Sasser's afternoon call alerting him of his promotion, though, barley afforded him enough time to make it to the game. Sasser took the first flight he could find that could get him to Arlington, Texas, for the Rangers' tilt with the Chicago White Sox that night.
"I got right off the plane and went straight to the stadium," Sasser says. "I got there in time for the game, barely, but didn't go through any of the pregame workouts or anything like that.
"I was just hoping to play, really, but it didn't hit me at the time, the experience of getting called up for the first time. I'm a kind of guy, even now, where I stay in the moment until it's over, then kind of decide after the fact whether I'm going to get excited over it or revisit it mentally."
"When I got there, I wasn't expecting to play, honestly, but a couple of guys were trying to give me a heads-up that they were going to try to get me an at-bat by way of saying they were injured or something, cool stuff like that, stuff that, at the time, I didn't appreciate as much as I do now."
Sasser didn't need any such help from teammates, as the visiting White Sox broke a 1-1 tie with a five-run rally in the fifth before adding two runs in the seventh to take an 8-2 lead and bust the game wide open.

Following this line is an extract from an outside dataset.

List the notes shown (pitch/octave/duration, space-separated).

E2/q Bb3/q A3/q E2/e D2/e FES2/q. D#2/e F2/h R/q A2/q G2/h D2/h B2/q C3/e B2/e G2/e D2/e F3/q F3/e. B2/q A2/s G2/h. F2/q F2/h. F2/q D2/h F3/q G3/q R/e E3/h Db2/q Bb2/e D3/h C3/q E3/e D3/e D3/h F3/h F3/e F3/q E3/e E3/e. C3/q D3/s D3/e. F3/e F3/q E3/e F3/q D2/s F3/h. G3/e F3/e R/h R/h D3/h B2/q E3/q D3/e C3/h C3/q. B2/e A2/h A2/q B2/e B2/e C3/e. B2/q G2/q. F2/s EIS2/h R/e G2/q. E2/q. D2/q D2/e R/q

"Closer to the end of the game, the score was still out of hand at the time, so I figured I might get a shot," Sasser said. "Then they said, 'Hey kid, get ready,' so I had an inning or so to get myself together and take some swings in the cage."

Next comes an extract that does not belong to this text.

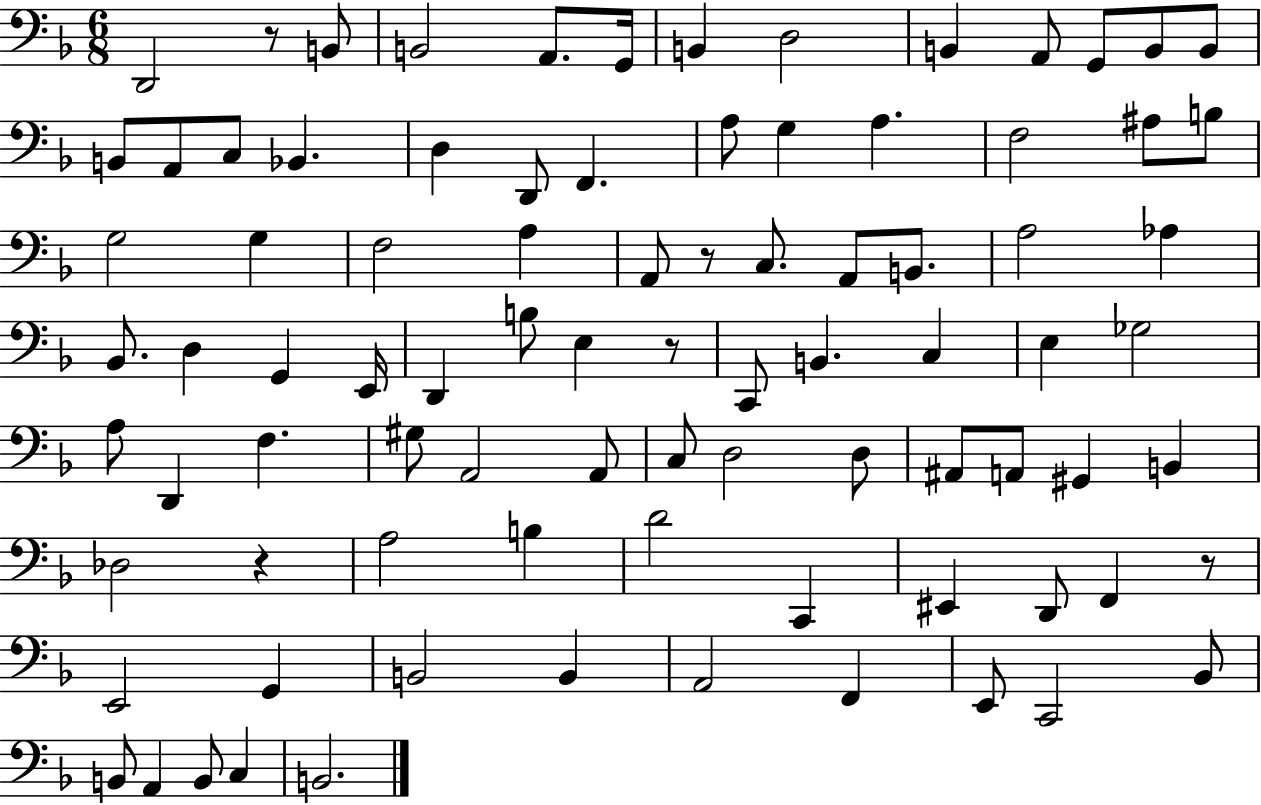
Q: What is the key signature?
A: F major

The game's result no longer in question after the White Sox added two more runs in the ninth to extend the lead to 10-2, Rangers skipper Johnny Oates pulled the trigger, sending Sasser to the plate to pinch-hit for centerfielder Tom Goodwin, who was due to lead off the bottom of the frame.

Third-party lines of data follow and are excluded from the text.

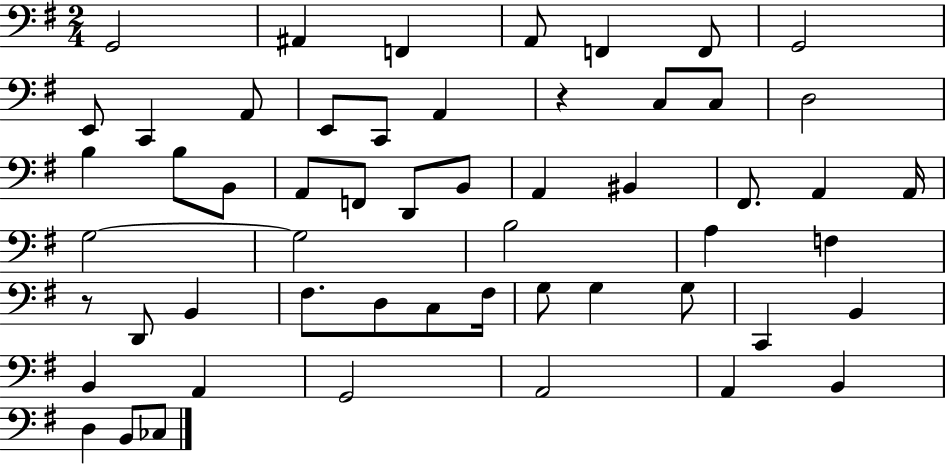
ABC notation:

X:1
T:Untitled
M:2/4
L:1/4
K:G
G,,2 ^A,, F,, A,,/2 F,, F,,/2 G,,2 E,,/2 C,, A,,/2 E,,/2 C,,/2 A,, z C,/2 C,/2 D,2 B, B,/2 B,,/2 A,,/2 F,,/2 D,,/2 B,,/2 A,, ^B,, ^F,,/2 A,, A,,/4 G,2 G,2 B,2 A, F, z/2 D,,/2 B,, ^F,/2 D,/2 C,/2 ^F,/4 G,/2 G, G,/2 C,, B,, B,, A,, G,,2 A,,2 A,, B,, D, B,,/2 _C,/2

"It didn't really dawn on me until my actual at-bat came up and I saw myself on the (video board), and that's when it kind of hit me, but even then, it was kind of surreal." Sasser stepped in against White Sox left-hander Bryan Ward, seeing a total of five pitches before popping out in foul territory to catcher Chad Kreuter.
"Fastball, curveball, fastball, curveball, fastball. It was a 2-2 count," Sasser says now, the pitch sequence from his lone taste of the big leagues forever seared in his brain.
While Sasser, a native of Oakland, Calif., knew his stay in the bigs would be short-lived, he didn't realize, however, that his at-bat and 20 some hours with the Rangers would be the last taste of the big leagues he'd have during his playing career.
The post-trade roster shuffling complete, Sasser was sent back to the minors the next day.
"In my mind, it was like, 'OK, that first one's over with, but now I'm looking forward to more,'" Sasser said. "It was one of those goals you set as a little kid. You want to do certain things, you want to play in the big leagues, then you want to be successful in the big leagues."
Though he wouldn't get another chance to do so, Sasser would continue to play professional ball in parts of seven more seasons, reaching the Triple-A level with five different organizations. In all, the former 10th round draft pick played in 1,169 minor league games, posting a .258 average with 98 homers and 543 RBIs.
Sasser called it quits in 2006, beginning the year with the White Sox Double-A affiliate, the Birmingham Barons, before retiring to join the organization as a hitting coach. Looking back now at his long, strange journey-including his 15 minutes of fame and his one big league at-bat-Sasser says he would have loved to have another crack at it, but that he's happy to have been, if only for a day, a major leaguer.
"I obviously thought I'd get back again, and I had opportunities where I was right there and it just didn't happen. It just wasn't in the cards, as they say.
"But for me, there are also no regrets. Zero."